Côté scénario, on assiste encore à un drame d’un quadra, un peu pommé/dépassé par les événements, qui arrive à un carrefour de sa vie. Et ce cinéma qui parle de vrais êtres humains, ces personnages qui sont tellement monsieur tout le monde et tellement uniques dans leur caractérisation. Alexander Payne est un humaniste, on ne peut le cacher. Bien qu’il n’écrive rien ex nihilo, il s’attarde à choisir les bonnes histoires et les rendre encore plus atypiques avec son travail d’adaptation qui le fusionne avec le texte. Ça ne vient pas de lui, mais ce qu’il en fait et ce que l’on ressent est un vrai signe de qualité, qui perdure sur tous ses films. Sans doute est-ce le débat sur les terres que nous habitons et le respect des traditions v.s le profit du capitalisme que propose le livre qui a attiré son oeil.
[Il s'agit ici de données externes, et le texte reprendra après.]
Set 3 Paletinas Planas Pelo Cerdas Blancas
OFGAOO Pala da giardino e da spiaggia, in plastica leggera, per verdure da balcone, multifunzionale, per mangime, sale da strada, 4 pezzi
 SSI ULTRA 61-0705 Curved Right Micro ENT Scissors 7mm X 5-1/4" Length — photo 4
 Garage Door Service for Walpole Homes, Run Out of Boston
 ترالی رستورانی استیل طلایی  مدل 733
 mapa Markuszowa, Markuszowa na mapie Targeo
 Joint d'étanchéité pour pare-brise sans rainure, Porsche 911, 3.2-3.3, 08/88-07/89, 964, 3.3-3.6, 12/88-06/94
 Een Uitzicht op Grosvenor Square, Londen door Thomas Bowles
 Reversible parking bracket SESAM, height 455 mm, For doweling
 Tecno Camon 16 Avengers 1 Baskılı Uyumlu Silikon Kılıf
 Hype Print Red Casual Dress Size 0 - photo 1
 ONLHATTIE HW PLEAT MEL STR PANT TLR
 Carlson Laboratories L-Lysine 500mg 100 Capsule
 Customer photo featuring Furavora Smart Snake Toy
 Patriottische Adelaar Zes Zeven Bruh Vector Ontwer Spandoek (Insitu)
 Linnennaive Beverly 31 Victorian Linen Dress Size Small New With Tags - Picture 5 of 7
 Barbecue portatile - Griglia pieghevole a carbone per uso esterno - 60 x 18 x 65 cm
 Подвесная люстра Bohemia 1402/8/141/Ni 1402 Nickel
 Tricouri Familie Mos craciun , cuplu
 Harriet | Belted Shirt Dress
Ou alors les relations familiales et l’amour tout simplement. Il y en aurait tellement à citer dans ce film qui touchera le plus grand nombre par la richesse de la famille King.
The Descendants est un succès au box office puisqu’il nonuple sa mise de départ pour récolter presque 180 millions de dollars. Il rafle également le Golden Globe du drame et du premier rôle masculin. Nouvel oscar pour Alexander Payne avec l’adaptation (contre cinq nominations au total). C’est le plus gros succès commercial du réalisateur américain à ce jour (en attendant le « blockbuster » de sa carrière : Downsizing).
Nebraska (2013) – 6ème film
Sans doute le film le plus artistique et intime du réalisateur. C’est également le premier film auquel il ne consacre pas sa plume. Le scénario de Bob Nelson est tombé dans les mains de Payne alors qu’il tournait About Schmidt. Ses amis producteurs de ses premiers films Albert Berger et Ron Yerxa l’ont sollicité pour qu’il leur conseille un réalisateur si possible originaire du Nebraska et Payne leur a proposé sa propre candidature. Ils ont accepté en le produisant. Bruce Dern était le choix premier pour le rôle principal et il lut le script dès 2006 avant ce long trou dans la carrière de Payne. Dans Nebraska, il incarne Woody Grant un père septuagénaire insupportable, rabat-joie, alcoolique persuadé qu’il a gagné un million de dollars comme l’annonce cette publicité évidemment mensongère qu’il a reçue. Son entourage est désespéré par cet homme qui mûrit un Alzeihmer qui l’handicape de plus en plus. Son fils cadet, David Grant, décide de l’emmener à Lincoln, Nebraska où réside l’entreprise de loterie pour le sortir de son quotidien et renouer des liens père-fils qui n’ont jamais vraiment existé. Un road movie proche de Sideways et extrêmement touchant par des acteurs au sommet et une image à couper le souffle. Le duo que forment les parents June Squibb et Bruce Dern est délicieusement piquant; elle qui dit littéralement tout ce qui lui passe par la tête. Un vrai personnage de l’univers Payne.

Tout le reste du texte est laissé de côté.